**ACTIVITY**:
Write out all the entries word for word and omit any pictures.
■ ■ ■
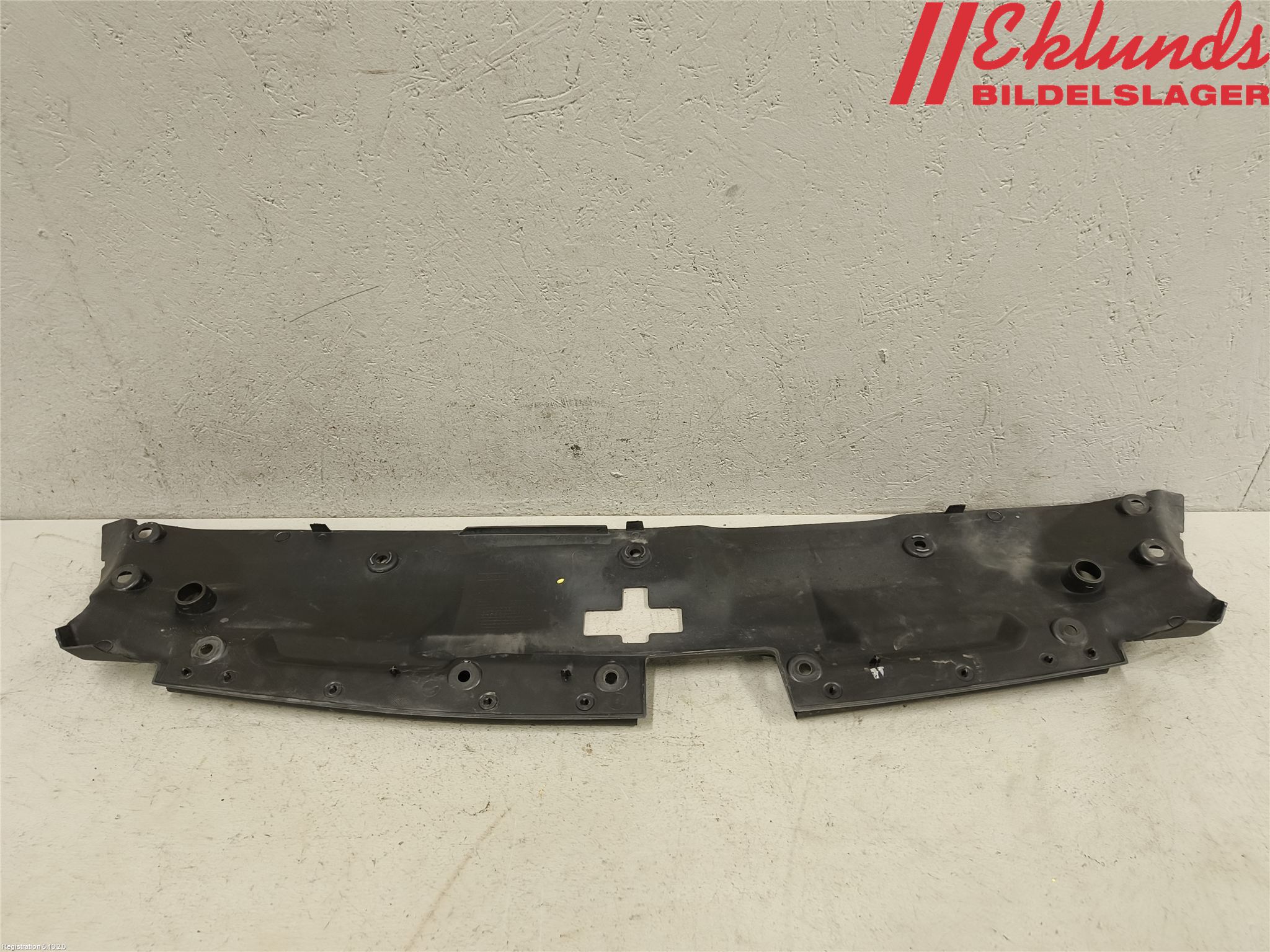 Peugeot 508 11-18 Täckplast Front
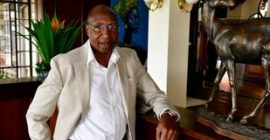 The man who turned a Sh45,000 loan into multi-generational oil company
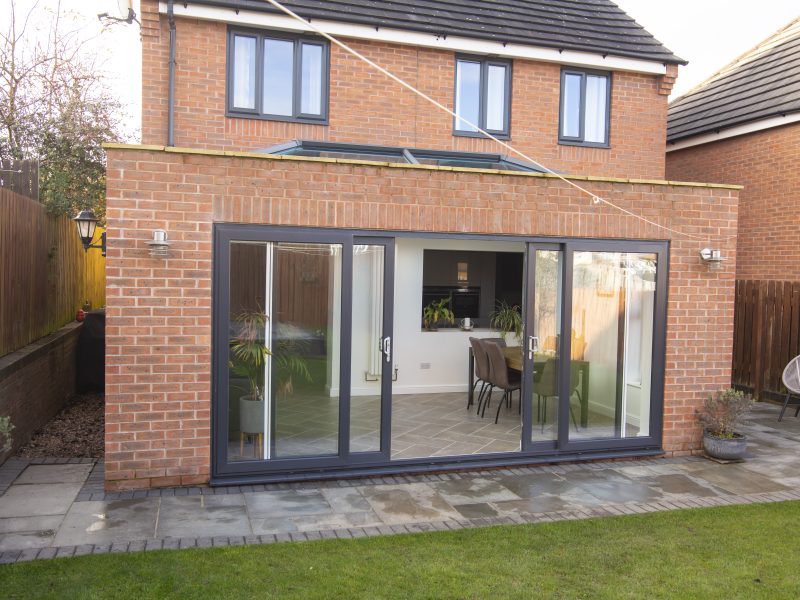 bespoke sliding upvc patio door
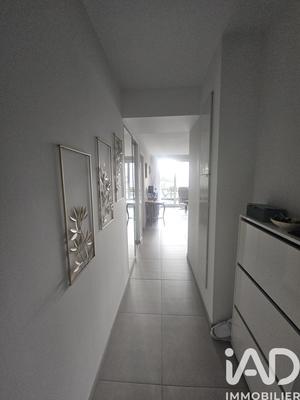 Appartement - 70 m² - 3 pièces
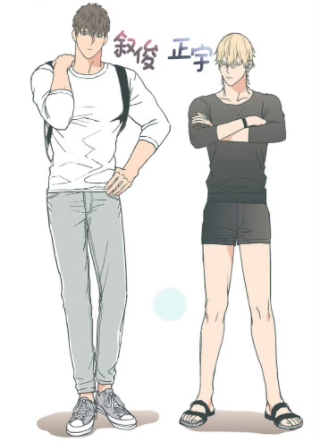 Boys Love 截图2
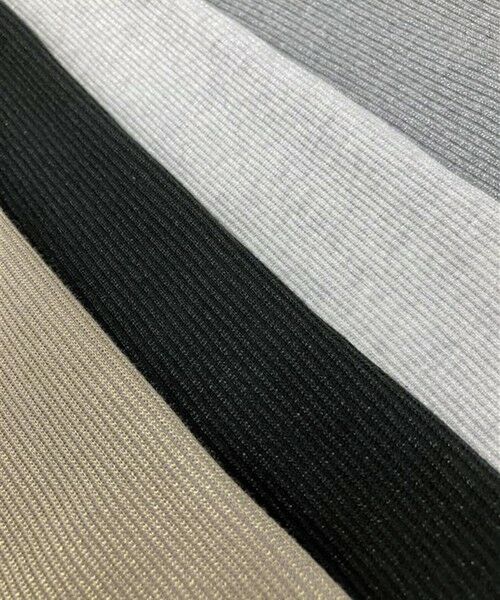 S size ONWARD(小さいサイズ) / エスサイズオンワード タンクトップ | 【SLOW/一部店舗限定】好評につき新色追加！ラメリブジャージー タンクトップ | 詳細25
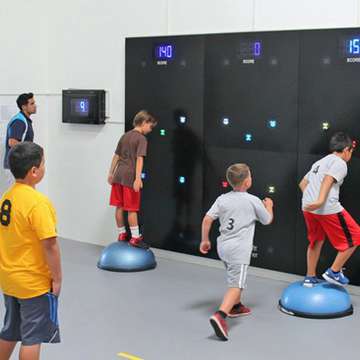 Multisensory Fitness Announces New Generation of SMARTfit Systems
■ ■ ■
**YOUR SOLUTION**:
 Peugeot 508 11-18 Täckplast Front
 The man who turned a Sh45,000 loan into multi-generational oil company
 bespoke sliding upvc patio door
 Appartement - 70 m² - 3 pièces
 Boys Love 截图2
 S size ONWARD(小さいサイズ) / エスサイズオンワード タンクトップ | 【SLOW/一部店舗限定】好評につき新色追加！ラメリブジャージー タンクトップ | 詳細25
 Multisensory Fitness Announces New Generation of SMARTfit Systems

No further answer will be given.